Gold Firm Despite Onslaught by Wall St. Analysts to Push it Lower

Along with the recent firming in gold prices, the relative strength of gold stocks has caught investors attention despite negative analyst reports coming from the usual suspects, Morgan Stanley and Goldman Sachs.

Wall Street appears determined to keep investors putting money into the broader equity market rather than gold for reasons that are becoming all too obvious. Some day this game will come to an abrupt halt and the “Muppets” – as they were once called famously by various managing directors at Goldman – will be left holding the proverbial bag – again. Given the tendency in recent times for markets to swing violently in both directions, the next major sell-off could be truly historic.

It’s been a rough week so far for the gold bears with the Junior Gold Miners (GDXJ) pushing through resistance on good volume. Some of the long suffering junior miners (including Timmins Gold) have even gone into the market to refinance their debt obligations and future production plans. There’s also been some M&A activity with Goldcorp making a hostile bid for Canadian gold miner, Osisko. Interestingly, a lot of junior gold miners are trading like they’re takeover candidates, among them heavily shorted McEwen Mining which has been on a real tear lately although it fell a bit today.

What is the real inflated value of gold today? That’s an interesting question for people who think the metal’s upside is limited. Phoenix Capital Research has done an analysis that shows during the last bull market in gold, the precious metal rose 2,329% from a low of $35 in 1970 to a high of $850 in 1980. Phoenix does note, however, that for 18 months during that period gold fell nearly 50%. That might provide some solace to gold investors who saw the yellow metal plunge by around 25% last year alone. The chart below is interesting as it shows two bull markets for gold from 1970-1980. Could this be an analogue for what we are seeing in the gold market today: a painful interruption in the gold bull market and a continuation to higher levels thereafter?


Click on chart for source.

Gold has a number of key drivers that could move it much higher in 2014. Among the strongest is Chinese demand which is set to rise with the Chinese New Year celebrations.
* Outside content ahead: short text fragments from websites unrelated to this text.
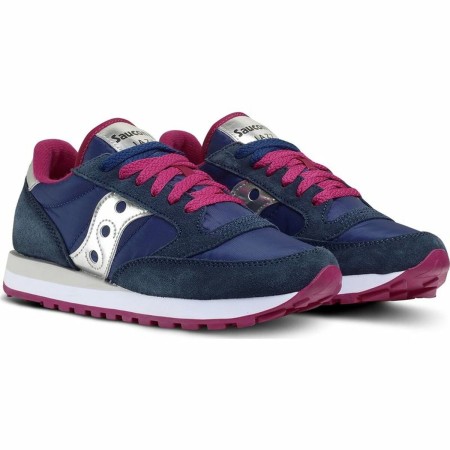 Sports Trainers for Women Saucony Jazz Original Navy Blue by Saucony, Trainers - Ref: S6484201, Price: 75,47 €, Discount: %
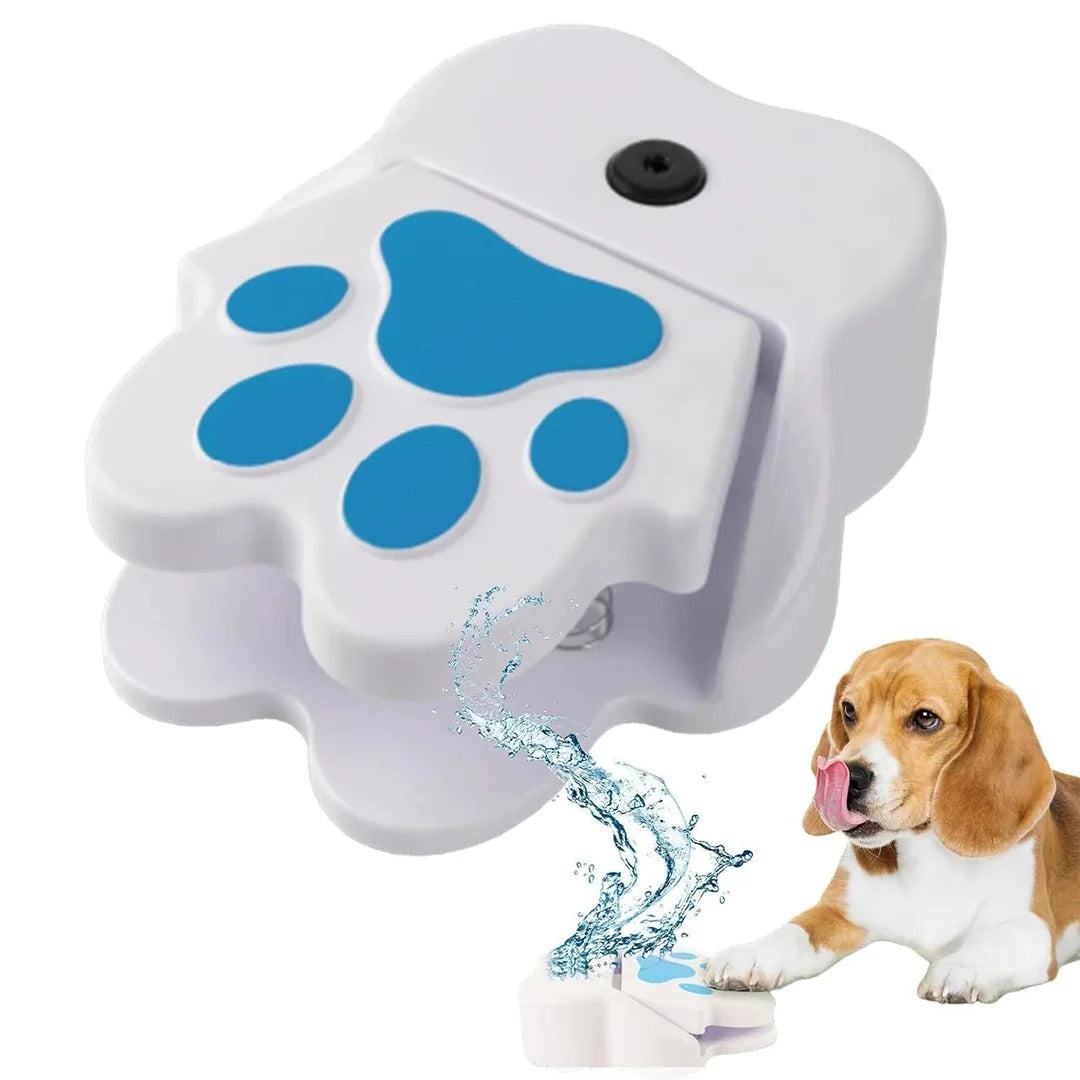 Paw-Activated Dog Water Fountain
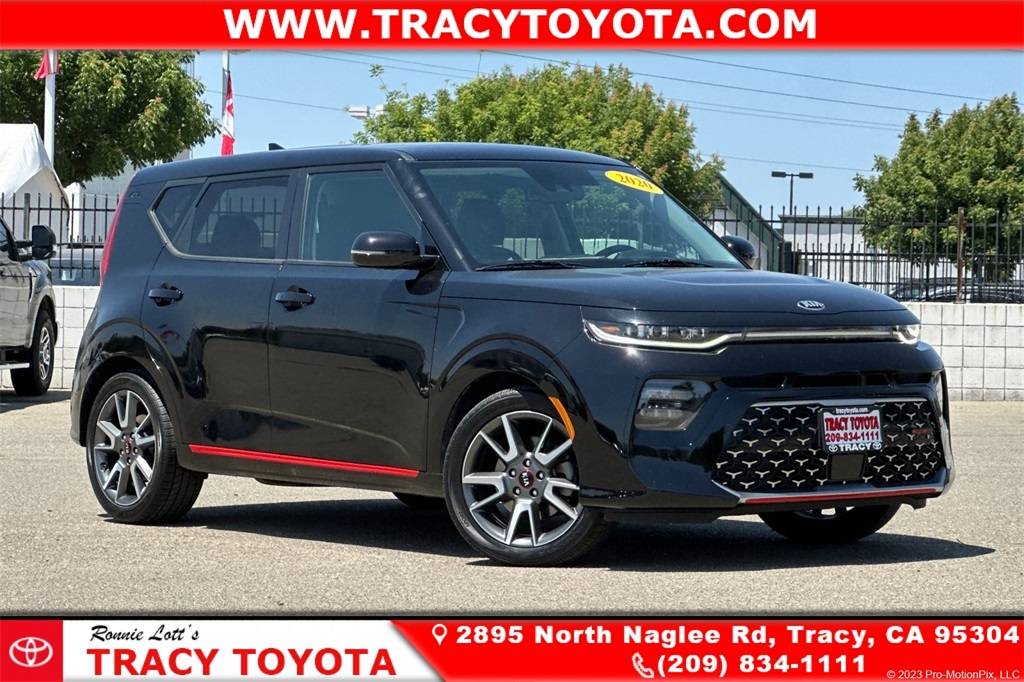 2020 Kia Soul GT-Line Turbo — Hatchback — 32,893 mi — Tracy, CA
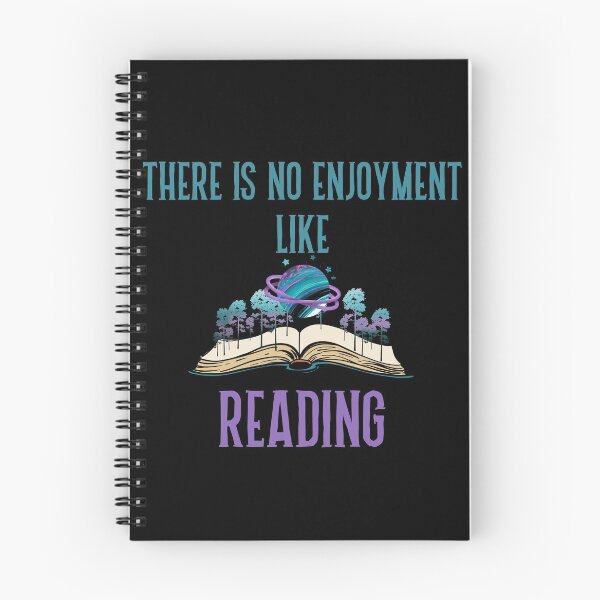 Item preview, There is No enjoyment like reading designed and sold by Cattigal.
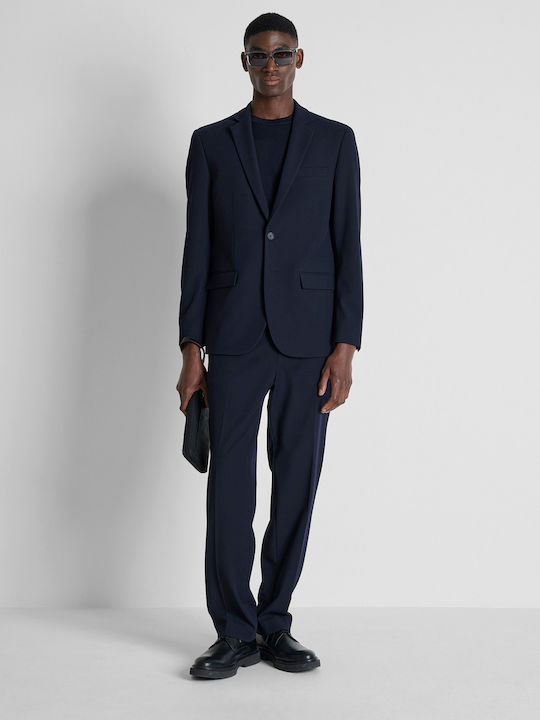 Men's Trousers Navy Blue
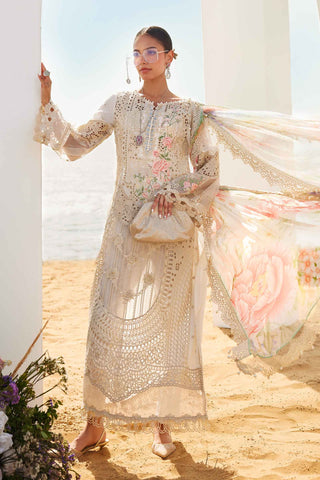 Maria B Luxury Lawn 2025 |  EID LAWN-25-06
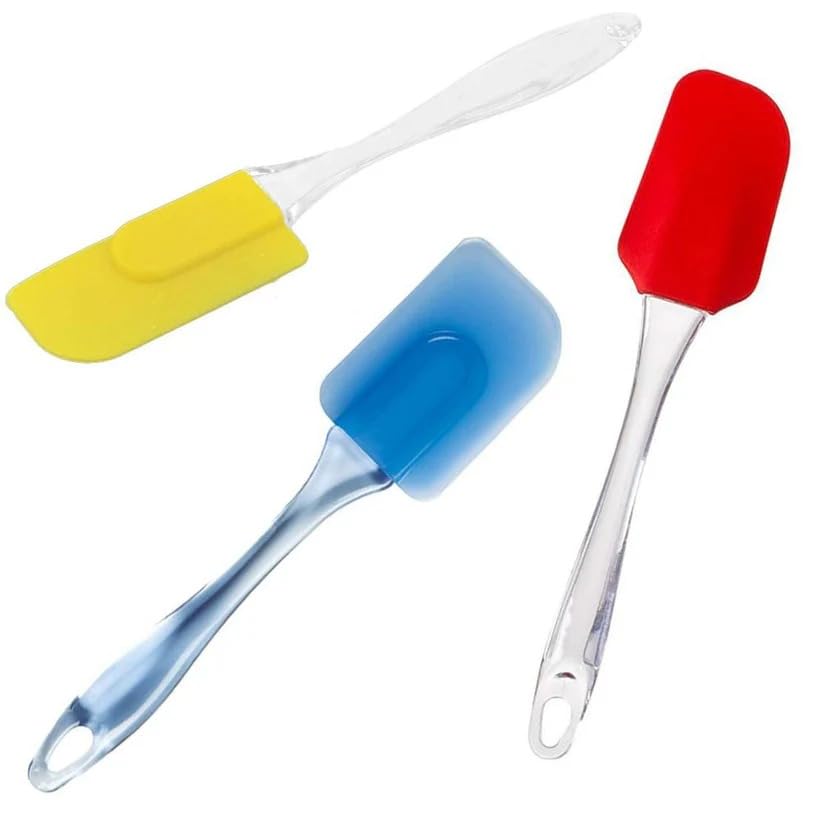 silicon brush & spetula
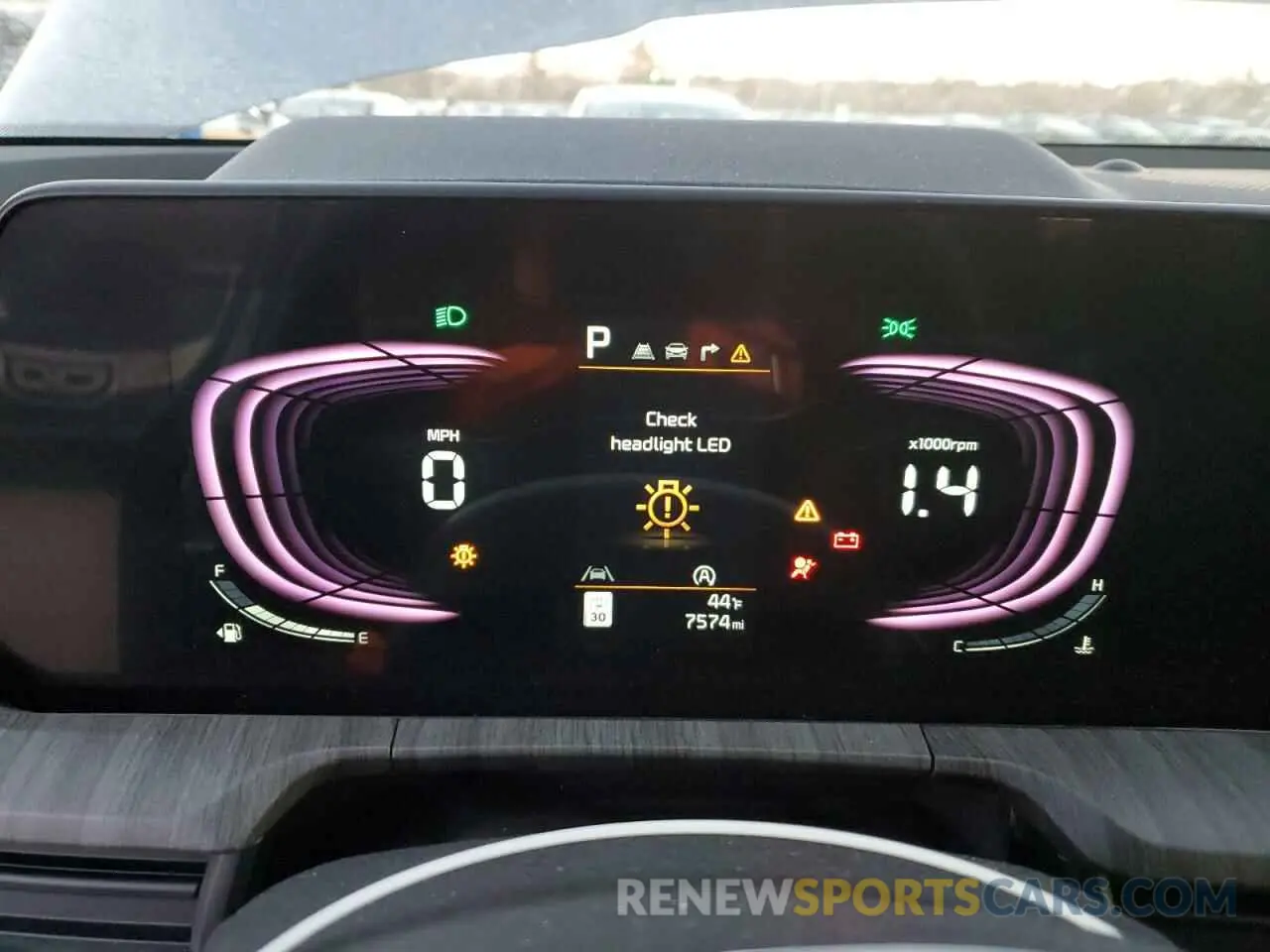9 fotografías del automóvil dañado 5XYP3DGC7RG499447 KIA TELLURIDE 2024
Last year, the Shanghai Gold Exchange, China’s biggest spot bullion market, delivered 2,197 tonnes to customers, compared with 1,139 tonnes in 2012. Press reports suggest that China will soon announce its gold reserves which – if market speculation is correct – could have doubled from last year. An increase of that nature would certainly help underpin gold prices in 2014.

Exchange-Traded Funds saw their holdings fall by 33% by the end of 2013 but they are starting to  buy again. Barclays says that Exchange Traded Products accumulated 7.4 metric tonnes on Friday, the largest daily inflow of gold into ETPs since November 2012 when gold was trading at $1700 per ounce.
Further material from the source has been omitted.